Saved entries —
*** Begin section ***
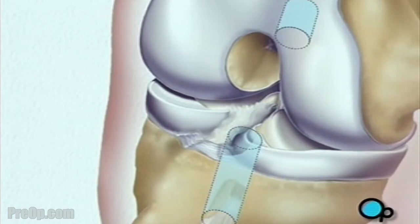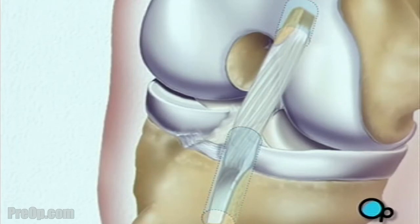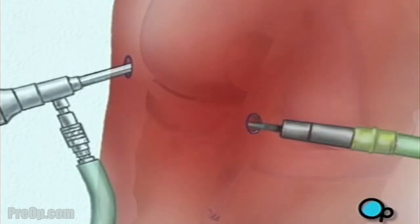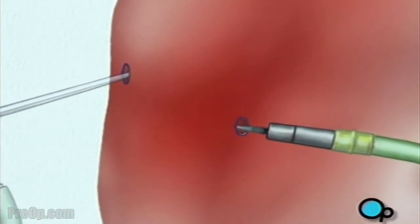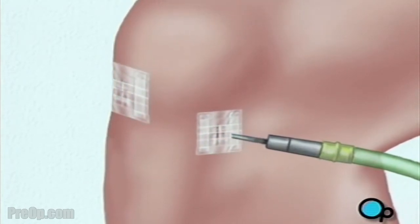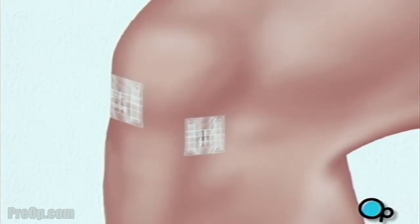The ligament graft is then inserted into place. When the procedure is complete, the team withdraws the instruments and the surgical fluid drains safely from the knee. Following surgery, sterile dressings are applied. To aid in healing, your knee may be stabilized with a brace and you'll be encouraged to use crutches during the recovery process.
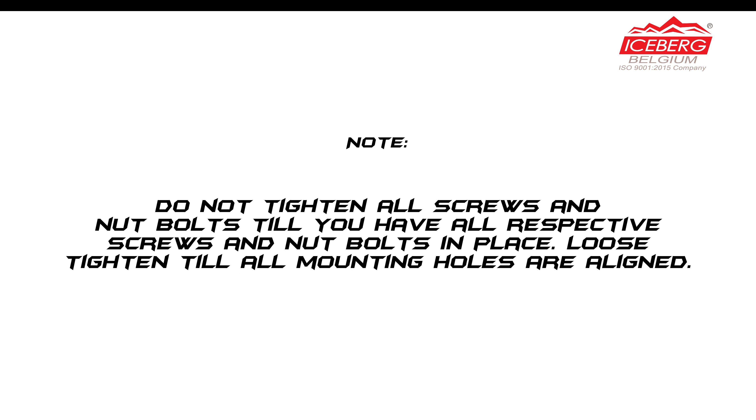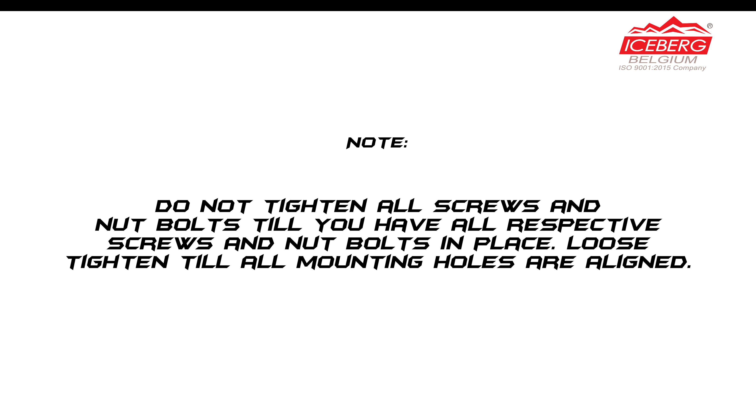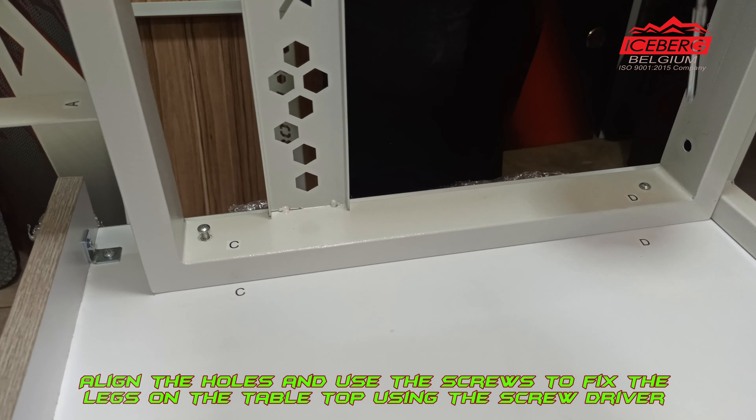Place the metal back frame on the back side of the wooden tabletop by matching the alphabets mentioned on the frame and tabletop, indicated with the letters G, H, and I. Align the holes and use the screw to fix the frame on the tabletop using the screwdriver. Install the first screw near the letter G, then repeat the same with the other screw holes indicated with the letters H and I.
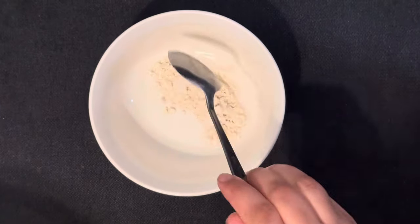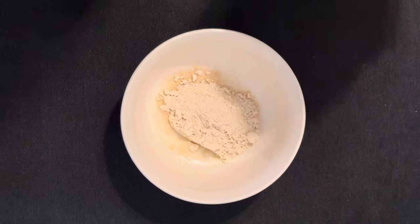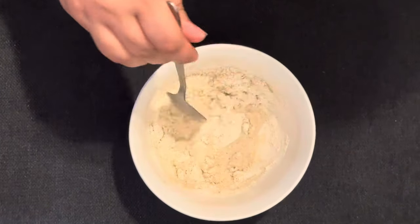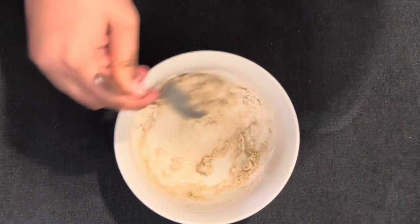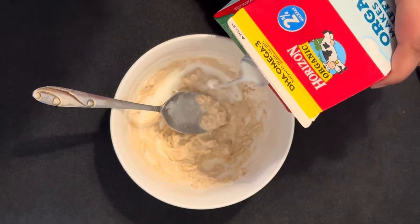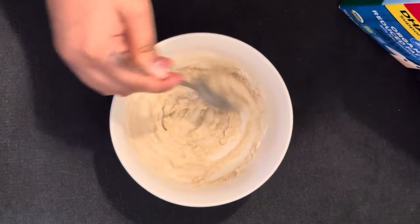For this remedy, we need 2 tablespoons of atta. We have regular atta that we use in our house. We also need 4 tablespoons of milk — any milk you have at home, or fresh milk. Add the milk a little at a time and make a normal paste, not too thick and not too thin. The milk should be warm, not cold.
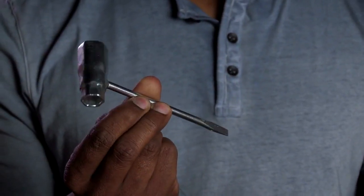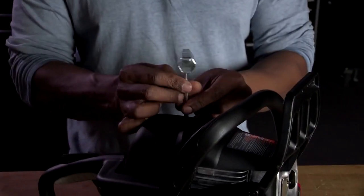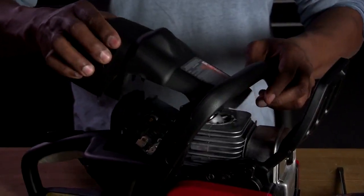First off, you'll need your large wrench that came with your saw for this. Use that to remove the top plate that covers the plug and the air filter.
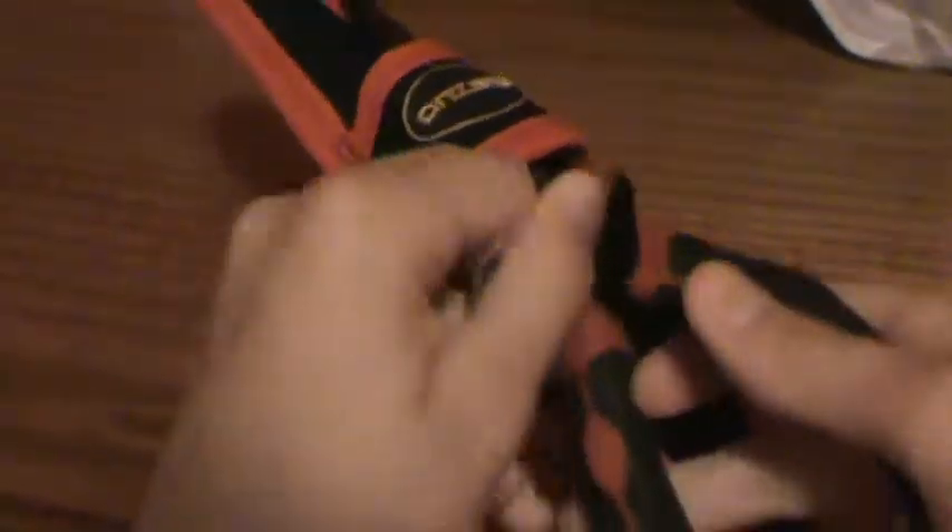And there's a little strap right here that comes out — this is still stuck on. Okay, so here they are.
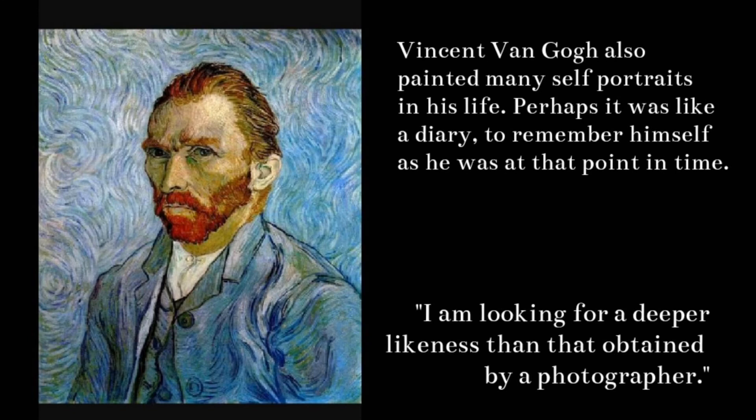Vincent van Gogh was another artist that also painted many self-portraits in his life. Perhaps it was like a diary to remember himself as he was at that point in time. He said, "I am looking for a deeper lightness than that obtained by a photographer."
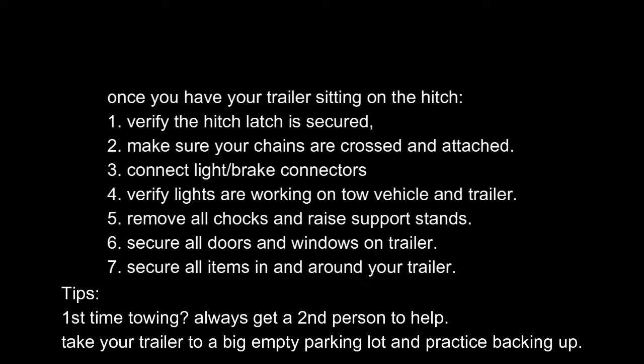Remove all your chocks and jack stands and secure those. Make sure all your items are safely secured inside and outside your trailer, then verify all your doors and windows are closed and locked. Double-check everything before you tow. If you have any questions, please leave a comment below and I'll try to answer them. Thank you for watching — don't forget to like and subscribe!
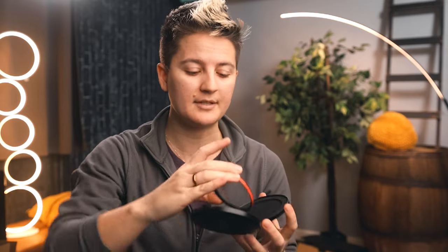Next up we have a Moment Mist or Cine Bloom filter. This is a really good filter for a camera lens — actually what I have on my camera right now. I'm using 5%; they come in different percentages. I'd recommend at least 5%, and 10% is probably the highest you want to go. Basically this filter helps give a little more of a filmic look to your images and can also make skin look a lot better on camera.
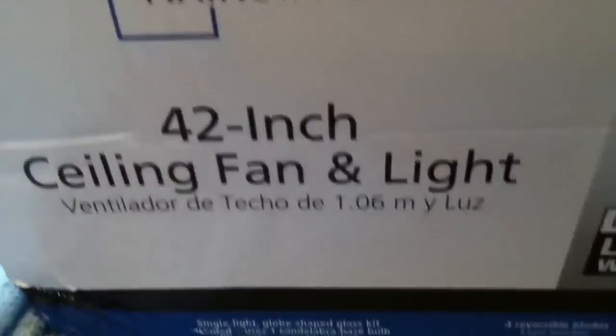I got the fan right here — it's a Mainstays 42-inch fan from Walmart. This is going in the kitchen, replacing the Harbor Breeze fan. Open it up — this is an unboxing video.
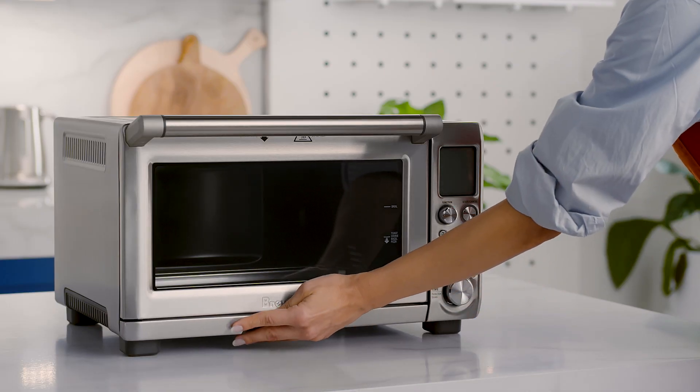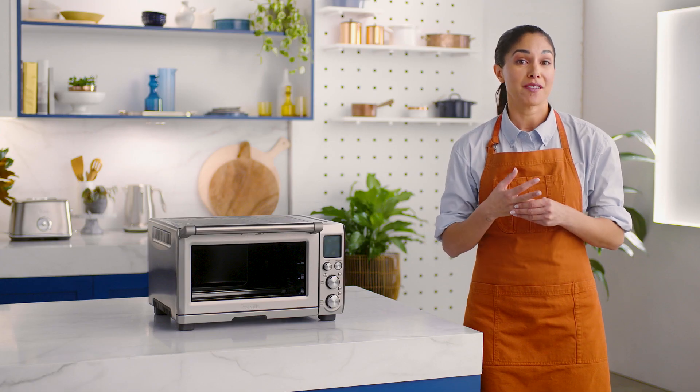Always reinsert the crumb tray into the oven after cleaning before turning the oven back on.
*** End section ***
Exercise brief — Extract exactly the lines from the one containing "Vincent van Gogh" through the last line of the records above, both included, and leave out the pictures.

Expected answer —
Vincent van Gogh was another artist that also painted many self-portraits in his life. Perhaps it was like a diary to remember himself as he was at that point in time. He said, "I am looking for a deeper lightness than that obtained by a photographer."
Remove all your chocks and jack stands and secure those. Make sure all your items are safely secured inside and outside your trailer, then verify all your doors and windows are closed and locked. Double-check everything before you tow. If you have any questions, please leave a comment below and I'll try to answer them. Thank you for watching — don't forget to like and subscribe!
Next up we have a Moment Mist or Cine Bloom filter. This is a really good filter for a camera lens — actually what I have on my camera right now. I'm using 5%; they come in different percentages. I'd recommend at least 5%, and 10% is probably the highest you want to go. Basically this filter helps give a little more of a filmic look to your images and can also make skin look a lot better on camera.
I got the fan right here — it's a Mainstays 42-inch fan from Walmart. This is going in the kitchen, replacing the Harbor Breeze fan. Open it up — this is an unboxing video.
Always reinsert the crumb tray into the oven after cleaning before turning the oven back on.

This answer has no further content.